The Ryans also require that Daniel’s therapists create their own books to use with him and that the pictures be slightly different in style and rendering because many autistic children can recognise an object in one form, but not in another. Autistic children like to concentrate on one particular detail, for instance, a cartoon character on a cup will tell the child that that is a cup, but a cup without a cartoon character then is not a cup.

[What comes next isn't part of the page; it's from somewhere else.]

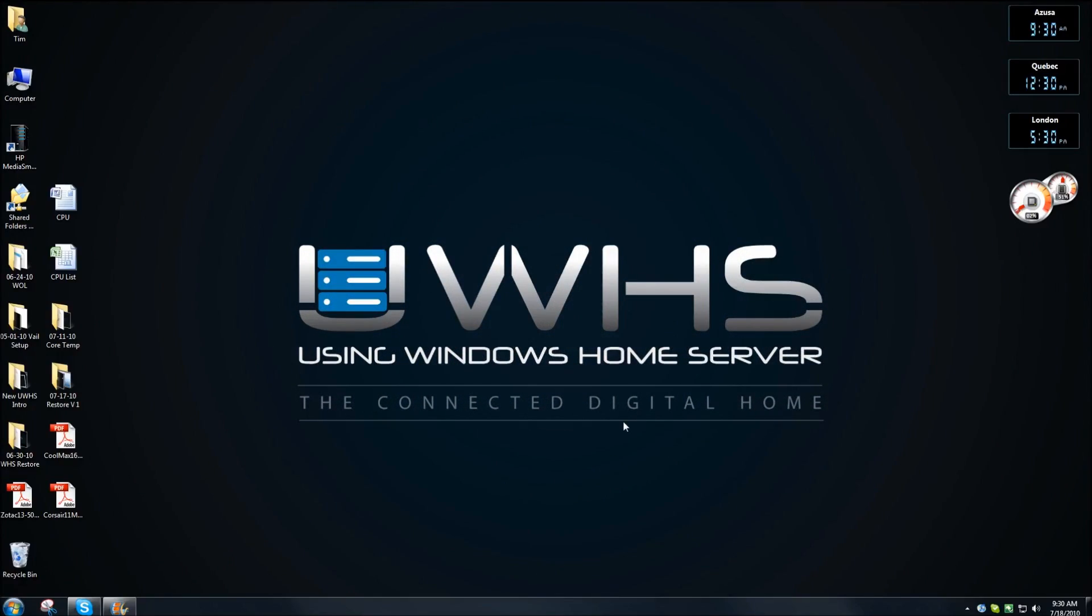Thank you for joining me. This is Tim DeLeo with usingwindowshomeserver.com. In this video, I'm going to show you how to locate and download an ISO image from Microsoft to create a CD for doing a PC restore from your Windows Home Server version 1. Let's get started, shall we?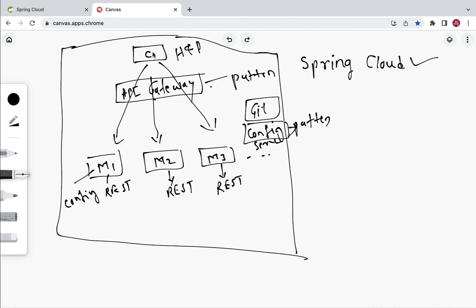Another challenge: when a client calls the API Gateway, which routes to microservice one, and microservice one internally calls microservice two — if microservice two is down, microservice one won't get a response and will return an error. Microservice one will continuously call microservice two even when it's down, which wastes resources. There should be a mechanism to limit the number of calls to a downed microservice. This challenge is solved by implementing the Circuit Breaker pattern.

“It is miraculous to me now how a child progresses because with Daniel you absolutely cannot take for granted that he will understand anything,” says Laurel. “The simplest, most obvious things we have had to teach him. We had to teach him to point his finger and how to look at someone when they’re talking to him. He still doesn’t call out to me if he needs me. And it’s hard to conceive how a child can get to the age of three without having those skills. But an autistic person hates having to communicate and will try and meet his or her needs without the help of someone else. Daniel couldn’t reach the cups, so his way of getting juice was to open the fridge and pour the juice on the floor and lick it up from there. This way he didn’t have to interact with anyone. He had less than nothing when we started the program. And it was so very frustrating – our family doctor didn’t think there was anything wrong. He’d say, ‘It’ll come, he’s a boy, he’s a third child, some are just late starters.’ But we were at our wits’ end and had to beg for help. We were finally sent to the Glenrose Hospital, where they do the testing, and then, many months later, learned that our child Daniel was autistic.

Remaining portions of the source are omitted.